Short text fragments from websites:
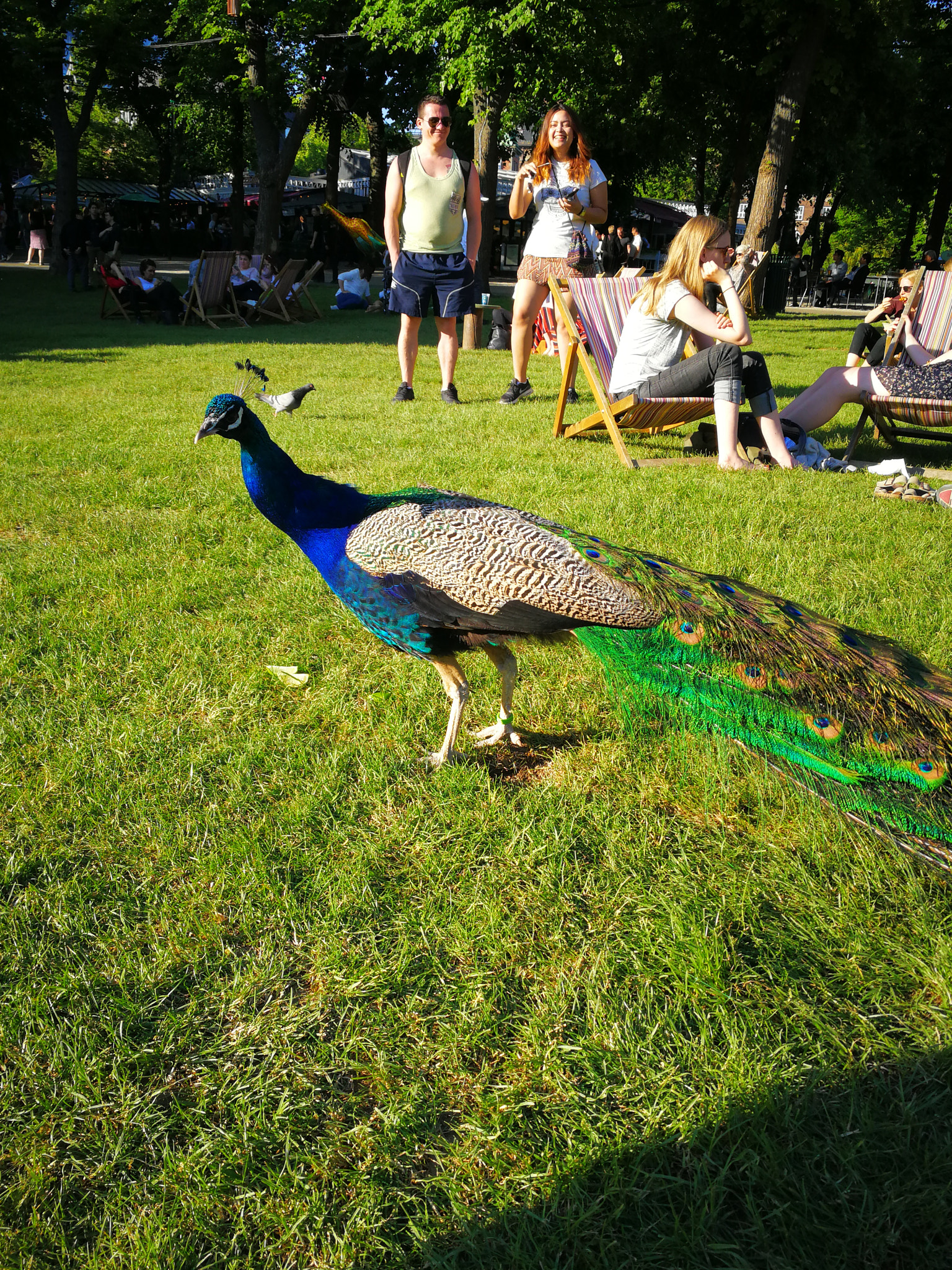 HUAWEI Mate 9 Pro sample photo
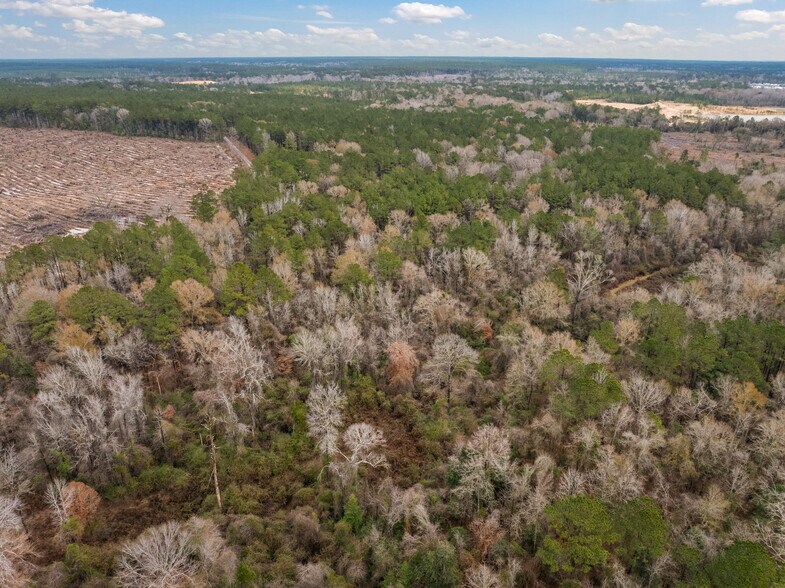 More Photos Of TBD 25 acres Tatoo Road, Glenmora Land For Sale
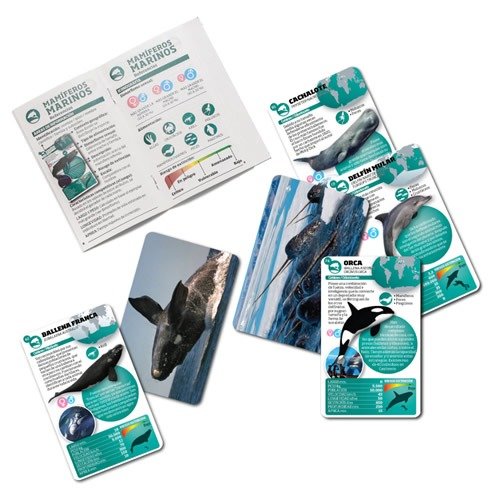 Miniatura de producto - 5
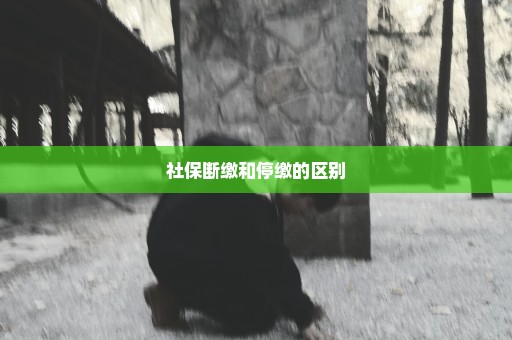 社保断缴和停缴的区别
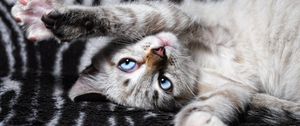 Preview wallpaper cat, paws, lies, playful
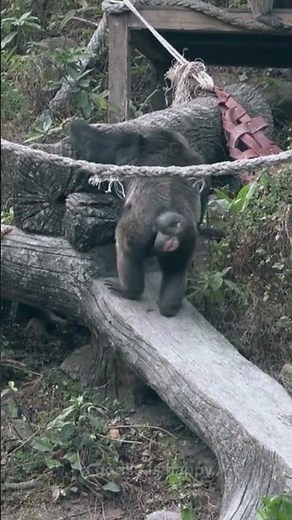 Why Do Gorillas Burp? 🦍 Cool Gorilla Fact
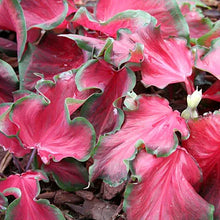 Load image into Gallery viewer, Caladium &#39;Red Frill&#39;
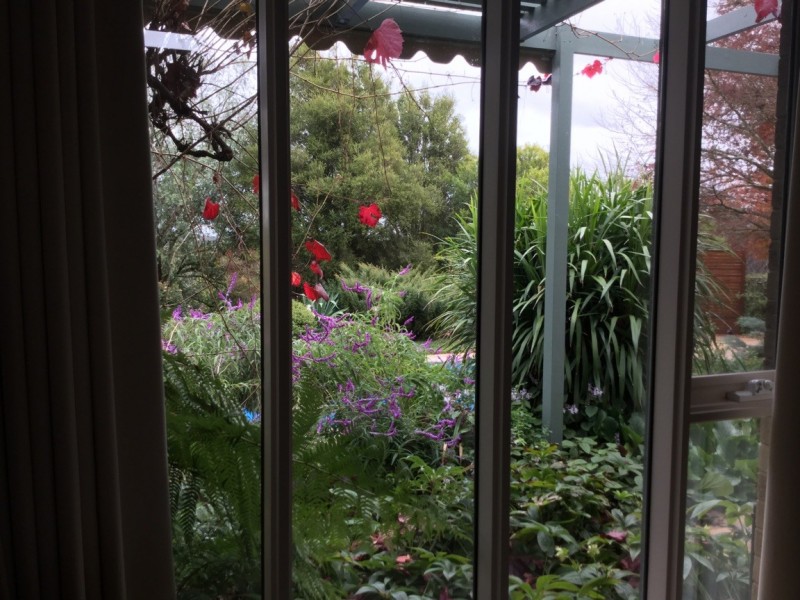 64 Eucalyptus Drive, Invermay VIC 3352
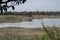 Wetland Scape Birds Sheep and Trees Central India, Madhya Pradesh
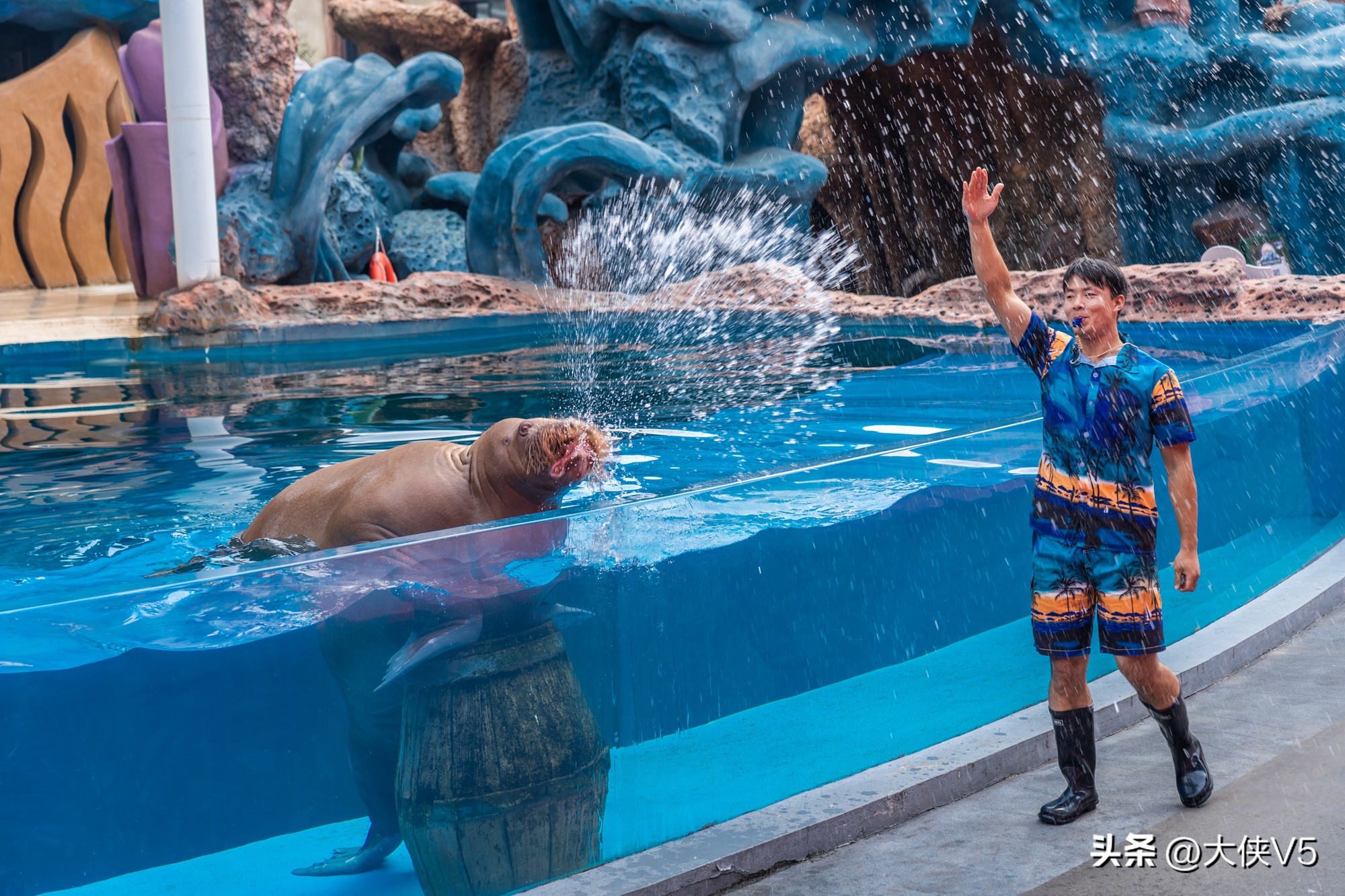 浙东唐诗名城新昌,在新昌邂逅浙东唐诗之路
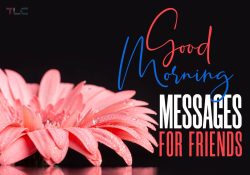 260 Good Morning Messages For Friends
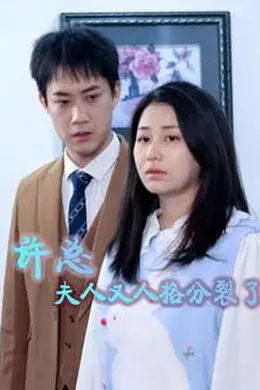 许总，夫人又人格分裂了海报图片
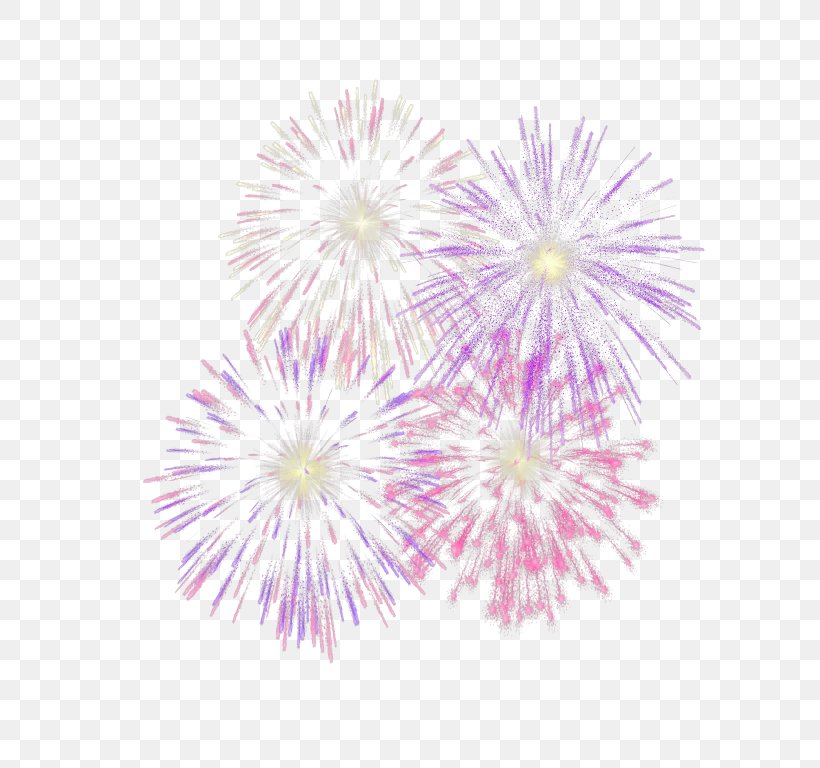 Fireworks Firecracker Image Color, PNG, 600x768px, Fireworks, Adobe Fireworks, Art, Chrysanths, Color Download Free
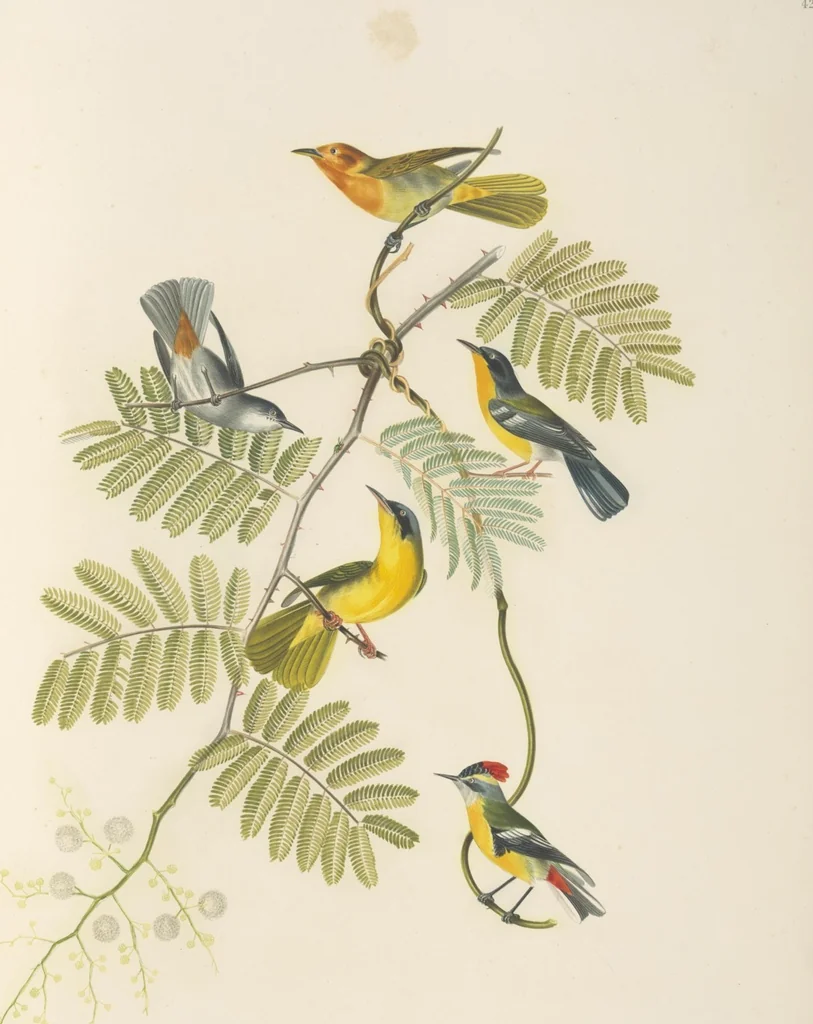 An illustration from Ornithologie brésilienne; ou, Histoire des oiseaux du Brésil, remarquables par leur plumage, leur chant, ou leurs habitudes, 1852, leaf 216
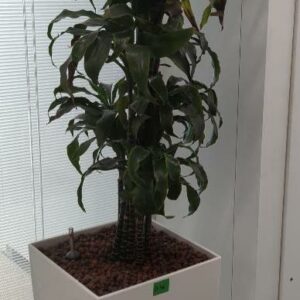Plante naturelle dans son pot en plastique blanc. Hauteur avec plante : 200 cm. Localisation : 32 rue de Monceau - 75008 Paris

> [What you should do]
All of the records above should be returned exactly, though the pictures should not.

> [Response to this task]
 HUAWEI Mate 9 Pro sample photo
 More Photos Of TBD 25 acres Tatoo Road, Glenmora Land For Sale
 Miniatura de producto - 5
 社保断缴和停缴的区别
 Preview wallpaper cat, paws, lies, playful
 Why Do Gorillas Burp? 🦍 Cool Gorilla Fact
 Load image into Gallery viewer, Caladium &#39;Red Frill&#39;
 64 Eucalyptus Drive, Invermay VIC 3352
 Wetland Scape Birds Sheep and Trees Central India, Madhya Pradesh
 浙东唐诗名城新昌,在新昌邂逅浙东唐诗之路
 260 Good Morning Messages For Friends
 许总，夫人又人格分裂了海报图片
 Fireworks Firecracker Image Color, PNG, 600x768px, Fireworks, Adobe Fireworks, Art, Chrysanths, Color Download Free
 An illustration from Ornithologie brésilienne; ou, Histoire des oiseaux du Brésil, remarquables par leur plumage, leur chant, ou leurs habitudes, 1852, leaf 216
Plante naturelle dans son pot en plastique blanc. Hauteur avec plante : 200 cm. Localisation : 32 rue de Monceau - 75008 Paris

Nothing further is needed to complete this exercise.